9 - Uma criança de 4 a 12 anos tinha direito a meia ração e uma criança de 12 a 14 anos direito a um quarto de ração.

Os italianos passaram a conhecer a moeda brasileira na Ilha das Flores no Rio de Janeiro, que era o Mil Réis, todo de prata. Passaram a chamar Mil Réis de “Fiorin” por causa de Flores, a ilha. O Tostão, passaram a chamar de Teston porque precisavam de 10 para fazer 1 Mil Réis. O Vinte Réis passaram a chamar de Cinque Soldi pois precisavam de cinco para fazer 1 Tostão.
Assim passaram a conhecer o Fiorin, o Toston e o Soldi.
As designações dos lotes de terras adquiridos pelos imigrantes
As designações vinham descritas num documento de duas folhas, sendo no lado esquerdo das mesmas escrito em português e no lado direito escrito em italiano


 Núcleo Colonial Antônio Prado
                    (Mutum)

Designações de lotes de terras -designazione di lotto di terre

Dizia o documento :
Ao senhor Fulano de Tal fica pelo presente designado o lote n° tal no distrito. . . é sujeito as seguintes obrigações:

1- Recebe o comprador o lote medido e demarcado na frente e a parte dos fundos, deve cuidar dos marcos e se desaparecerem as despesas da nova medição serão do comprador, etc . . .
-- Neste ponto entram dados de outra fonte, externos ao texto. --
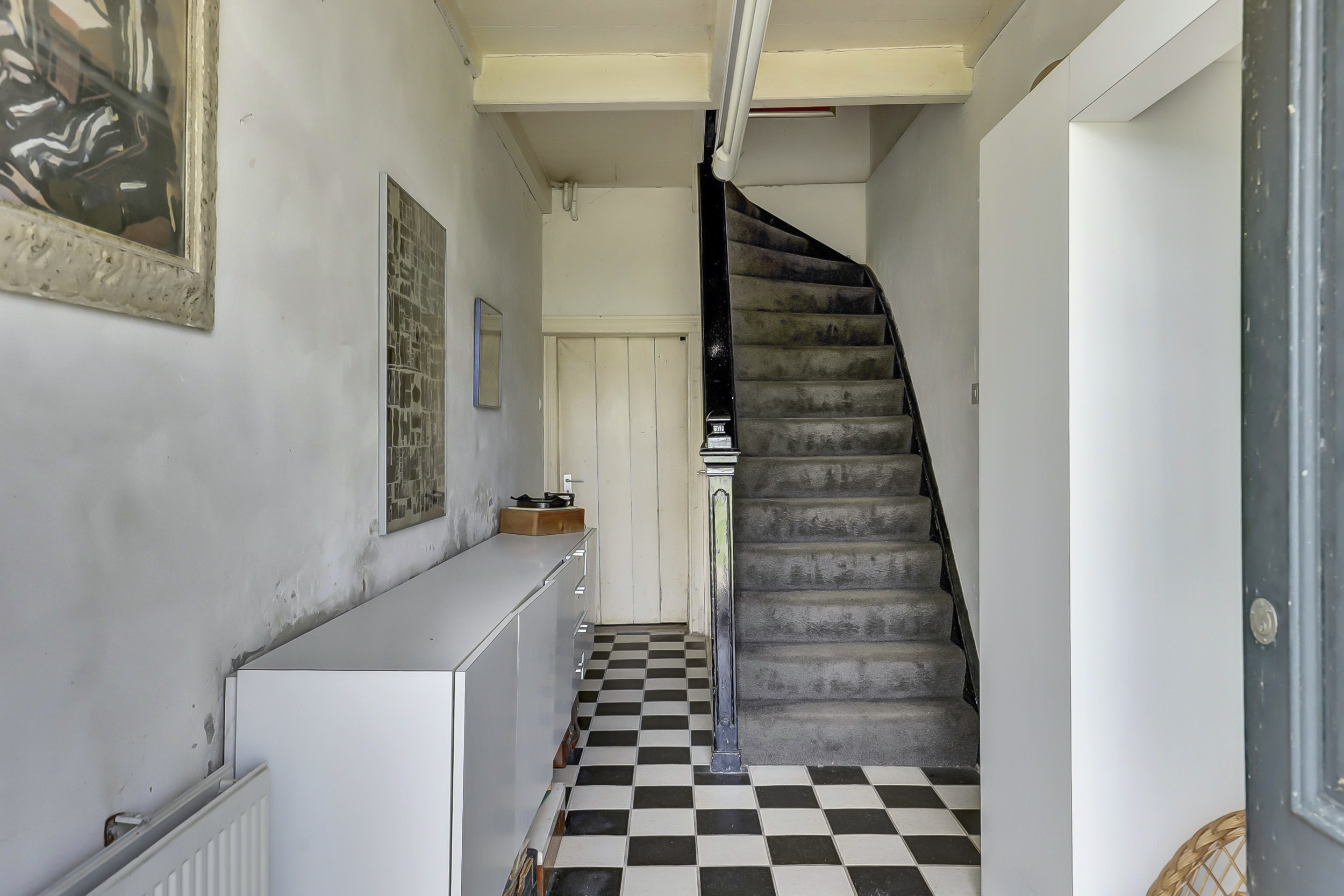 Lingedijk 82, afbeelding 3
2 - Até seis meses da designação deve estar roçada e plantada uma área de mil braças quadradas, construída uma casa. Se não fizer isto poderá perder as benfeitorias feitas e o lote poderá ser vendido pelo director salvo os casos de força maior e enfermidade prolongada.
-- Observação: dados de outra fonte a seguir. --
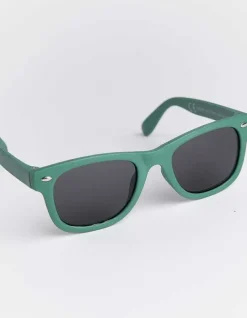 Sale Sonnenbrille - Oval - Kinder Jungenkleidung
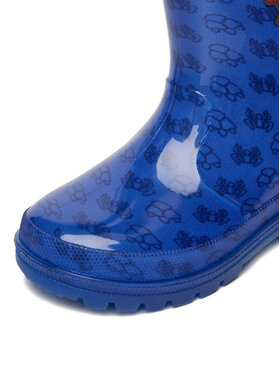 Γαλότσες Spidey φωτογραφία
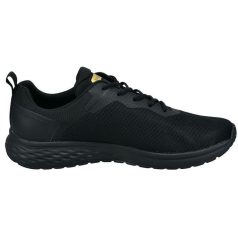 Bugatti férfi cipő-AF901-6900 1000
3 - O comprador obterá o título definitivo depois de ter pago sua importância, não dever nada ao governo e provar que nele reside há um ano pelo menos

4 - Somente são dispensados da obrigação da morada e cultura os lotes de menor superfícies nos distritos urbanos, mas devem fazê-lo em dois anos se não perderão o direito.

5 - Os caminhos rurais, terão a largura de quatro braças e as árvores só podem ser plantadas à distância de-uma braça da estrada.
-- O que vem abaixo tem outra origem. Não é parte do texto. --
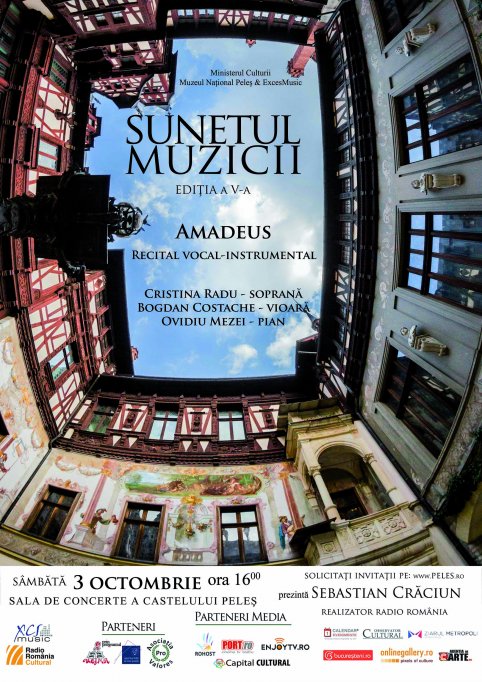 Amadeus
6 - As árvores que nas denrubadas caírem sobre os caminhos deverão ser retiradas.

7 - Para as pontes e outras obras públicas poderão ser retiradas as madeiras dos lotes incultos, gratuitamente.

8 - Na demarcação dos fundos dos lotes devem seus donos abrir as picadas, etc...

9 - O preço do lote é de Três Réis por braça quadrada.

10 - Os direitos conferidos por esta designação aproveitam somente a pessoa ou a família em cujo benefício é expedida ou os seus descendentes herdeiros com a precisa capacidade. Para a transferência dos direitos por venda ou por outro modo deve precender a provação da Presidência da Província sobre informação do Diretor.

                                                          
                                                           Ilusão e Esperança

Meio desesperados, os chefes de família começaram, receber suas colônias, de acordo com a capacidade e número de pessoas que compunham a família imigrante. Quem tinha muitos filhos recebia uma área maior de terras e assim por diante.

Como a ração dada pelo governo era pouca, muitas famílias acabaram passando fome, resistindo e juntando forças graças ao fubá e o açúcar. Houve casos de crianças e pessoas desesperadas pela fome que acabaram intoxicadas por comerem ervas e raizes venenosas.